Directions for this task
The expected output is exactly the lines below, starting at the line with "Tras difusión de" and ending at the line with "228762-plasmid-map-sequence-id-455850", both included; no other line belongs in it.

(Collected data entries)
*** Block opens ***
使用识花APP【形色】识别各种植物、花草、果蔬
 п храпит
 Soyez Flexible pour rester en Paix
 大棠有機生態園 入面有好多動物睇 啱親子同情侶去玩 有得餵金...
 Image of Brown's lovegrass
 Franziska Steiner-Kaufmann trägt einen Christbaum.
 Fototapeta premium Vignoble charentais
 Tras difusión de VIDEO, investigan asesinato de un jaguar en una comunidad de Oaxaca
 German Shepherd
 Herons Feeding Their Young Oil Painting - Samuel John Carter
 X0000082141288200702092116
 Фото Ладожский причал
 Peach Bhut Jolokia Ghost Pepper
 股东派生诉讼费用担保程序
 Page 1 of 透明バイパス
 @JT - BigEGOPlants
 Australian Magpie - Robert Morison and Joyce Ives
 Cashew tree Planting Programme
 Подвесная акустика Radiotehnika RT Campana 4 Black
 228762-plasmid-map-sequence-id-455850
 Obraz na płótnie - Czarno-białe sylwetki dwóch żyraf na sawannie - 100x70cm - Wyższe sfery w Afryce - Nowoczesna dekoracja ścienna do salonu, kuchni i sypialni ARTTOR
*** Block closes ***
Exercise answer
 Tras difusión de VIDEO, investigan asesinato de un jaguar en una comunidad de Oaxaca
 German Shepherd
 Herons Feeding Their Young Oil Painting - Samuel John Carter
 X0000082141288200702092116
 Фото Ладожский причал
 Peach Bhut Jolokia Ghost Pepper
 股东派生诉讼费用担保程序
 Page 1 of 透明バイパス
 @JT - BigEGOPlants
 Australian Magpie - Robert Morison and Joyce Ives
 Cashew tree Planting Programme
 Подвесная акустика Radiotehnika RT Campana 4 Black
 228762-plasmid-map-sequence-id-455850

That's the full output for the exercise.